- _To do_
Please quote only the lines that start at the one with "Tamaris Leather Women's" and go on to the last line of the data, both ends kept.

[Dataset entries]
BEGIN
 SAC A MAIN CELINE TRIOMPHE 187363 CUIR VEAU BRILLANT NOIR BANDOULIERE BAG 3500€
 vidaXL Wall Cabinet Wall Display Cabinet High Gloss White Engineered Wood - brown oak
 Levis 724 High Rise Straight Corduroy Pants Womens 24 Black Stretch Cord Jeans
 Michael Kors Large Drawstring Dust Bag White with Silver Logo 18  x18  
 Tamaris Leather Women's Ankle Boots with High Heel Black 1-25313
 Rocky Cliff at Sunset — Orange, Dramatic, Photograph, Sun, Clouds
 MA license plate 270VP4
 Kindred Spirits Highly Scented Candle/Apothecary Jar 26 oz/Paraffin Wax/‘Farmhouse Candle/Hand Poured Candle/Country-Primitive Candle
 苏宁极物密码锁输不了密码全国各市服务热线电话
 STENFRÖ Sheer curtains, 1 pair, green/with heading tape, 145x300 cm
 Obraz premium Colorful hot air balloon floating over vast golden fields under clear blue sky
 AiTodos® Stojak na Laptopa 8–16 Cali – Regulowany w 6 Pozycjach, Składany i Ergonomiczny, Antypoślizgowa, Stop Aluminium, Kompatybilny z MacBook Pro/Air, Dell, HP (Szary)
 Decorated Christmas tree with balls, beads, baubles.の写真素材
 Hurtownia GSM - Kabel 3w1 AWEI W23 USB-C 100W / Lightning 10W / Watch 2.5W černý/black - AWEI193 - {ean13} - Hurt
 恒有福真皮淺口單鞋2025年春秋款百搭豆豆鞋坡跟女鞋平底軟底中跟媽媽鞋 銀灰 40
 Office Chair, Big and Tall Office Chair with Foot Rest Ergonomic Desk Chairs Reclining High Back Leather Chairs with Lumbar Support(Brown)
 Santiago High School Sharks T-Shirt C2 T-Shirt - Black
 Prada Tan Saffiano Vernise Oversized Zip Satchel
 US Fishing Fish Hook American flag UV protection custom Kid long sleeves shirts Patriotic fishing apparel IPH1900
END
- _Answer below_
 Tamaris Leather Women's Ankle Boots with High Heel Black 1-25313
 Rocky Cliff at Sunset — Orange, Dramatic, Photograph, Sun, Clouds
 MA license plate 270VP4
 Kindred Spirits Highly Scented Candle/Apothecary Jar 26 oz/Paraffin Wax/‘Farmhouse Candle/Hand Poured Candle/Country-Primitive Candle
 苏宁极物密码锁输不了密码全国各市服务热线电话
 STENFRÖ Sheer curtains, 1 pair, green/with heading tape, 145x300 cm
 Obraz premium Colorful hot air balloon floating over vast golden fields under clear blue sky
 AiTodos® Stojak na Laptopa 8–16 Cali – Regulowany w 6 Pozycjach, Składany i Ergonomiczny, Antypoślizgowa, Stop Aluminium, Kompatybilny z MacBook Pro/Air, Dell, HP (Szary)
 Decorated Christmas tree with balls, beads, baubles.の写真素材
 Hurtownia GSM - Kabel 3w1 AWEI W23 USB-C 100W / Lightning 10W / Watch 2.5W černý/black - AWEI193 - {ean13} - Hurt
 恒有福真皮淺口單鞋2025年春秋款百搭豆豆鞋坡跟女鞋平底軟底中跟媽媽鞋 銀灰 40
 Office Chair, Big and Tall Office Chair with Foot Rest Ergonomic Desk Chairs Reclining High Back Leather Chairs with Lumbar Support(Brown)
 Santiago High School Sharks T-Shirt C2 T-Shirt - Black
 Prada Tan Saffiano Vernise Oversized Zip Satchel
 US Fishing Fish Hook American flag UV protection custom Kid long sleeves shirts Patriotic fishing apparel IPH1900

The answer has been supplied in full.